- EXERCISE PROMPT: Working through the data below, reproduce word for word the line with "Hyundai Santa Fe" and every line after it, both ends included, and omit the pictures.

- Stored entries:
-.-.-
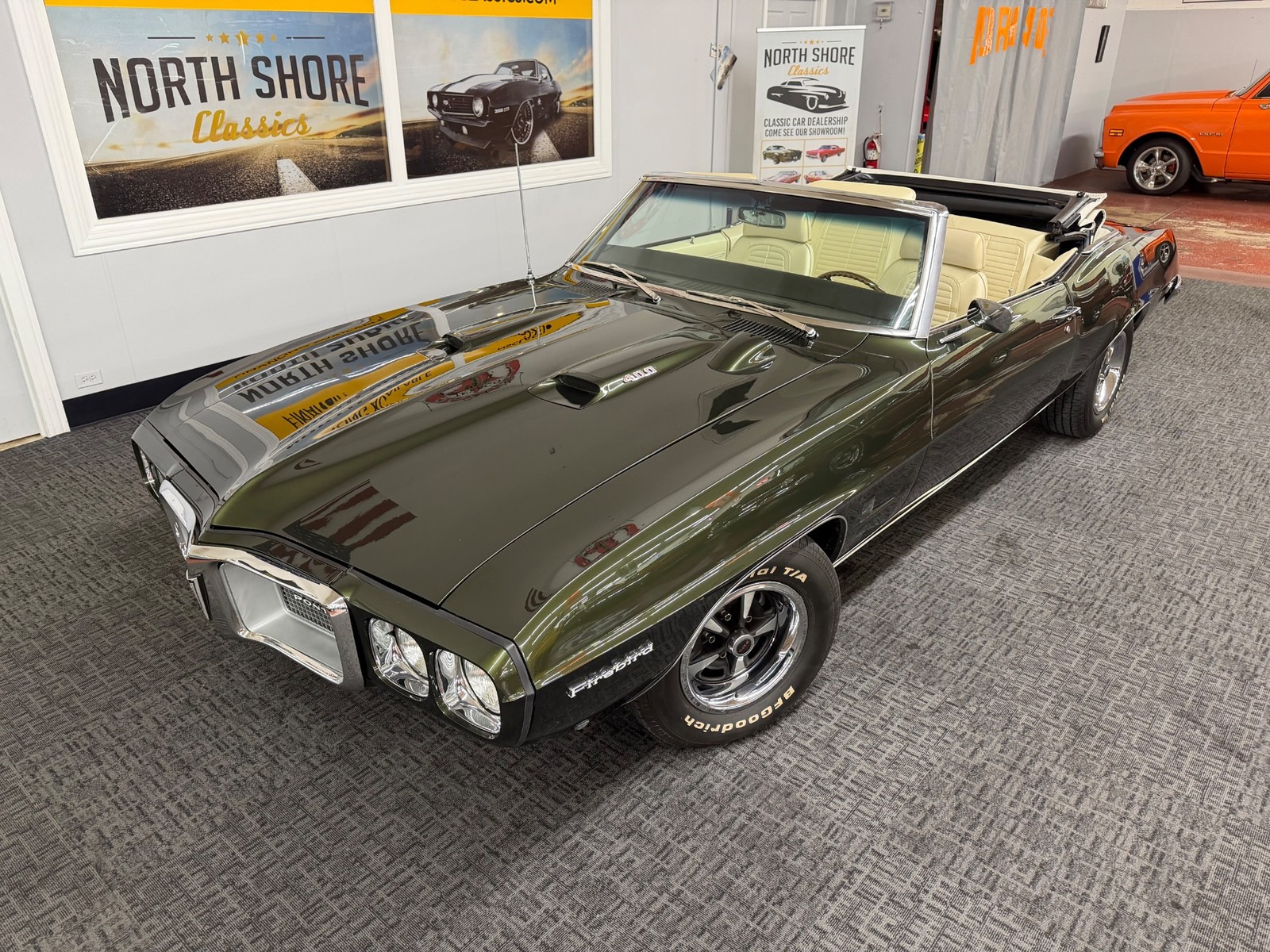 Pontiac-Firebird-1969-Convertible-White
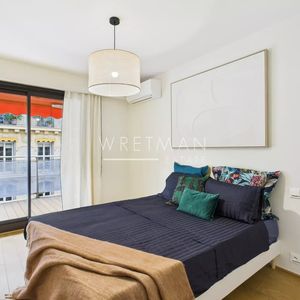 Property in Carre d'Or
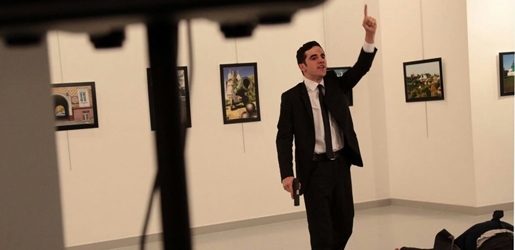 ئه‌نجامی‌ دواین لێكۆڵینه‌وه‌كانی‌ پۆلیس، له‌سه‌ر بكوژی‌ باڵیۆزه‌كه‌ی‌ روسیا له‌ئه‌نقه‌ره‌ 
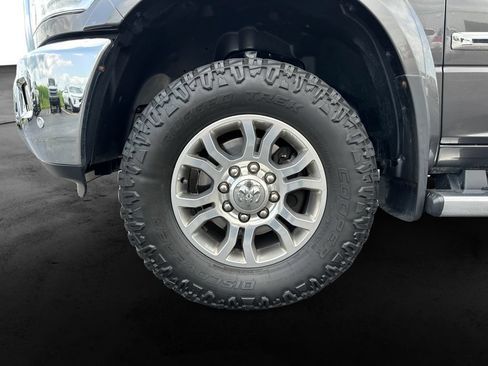 Used 2018 RAM 2500 Laramie w/ Snow Chief Group AWD/4WD image 11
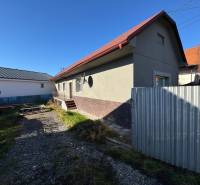 Családi ház Varovecká utcában, Družstevná pri Hornáde, udvarral és kapuval.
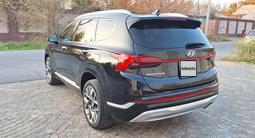 Hyundai Santa Fe 2022 года за 17 000 000 тг. в Шымкент – фото 4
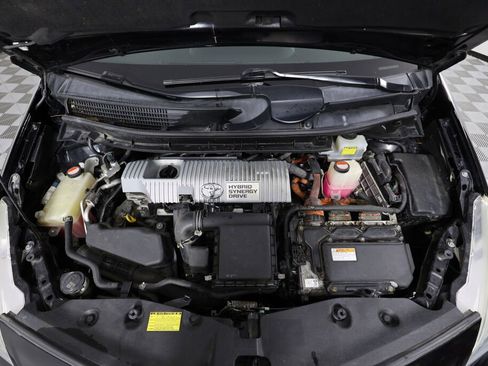 Used 2014 Toyota Prius V Two image 37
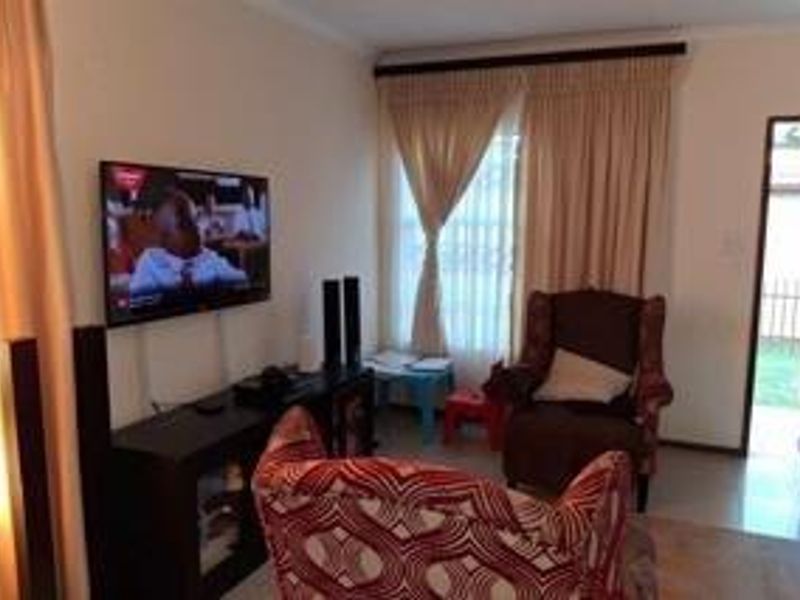 Charming 3 Bed Home in Heatherview Lifestyle - Photo 5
-.-.-
- YOUR SOLUTION:
 Hyundai Santa Fe 2022 года за 17 000 000 тг. в Шымкент – фото 4
 Used 2014 Toyota Prius V Two image 37
 Charming 3 Bed Home in Heatherview Lifestyle - Photo 5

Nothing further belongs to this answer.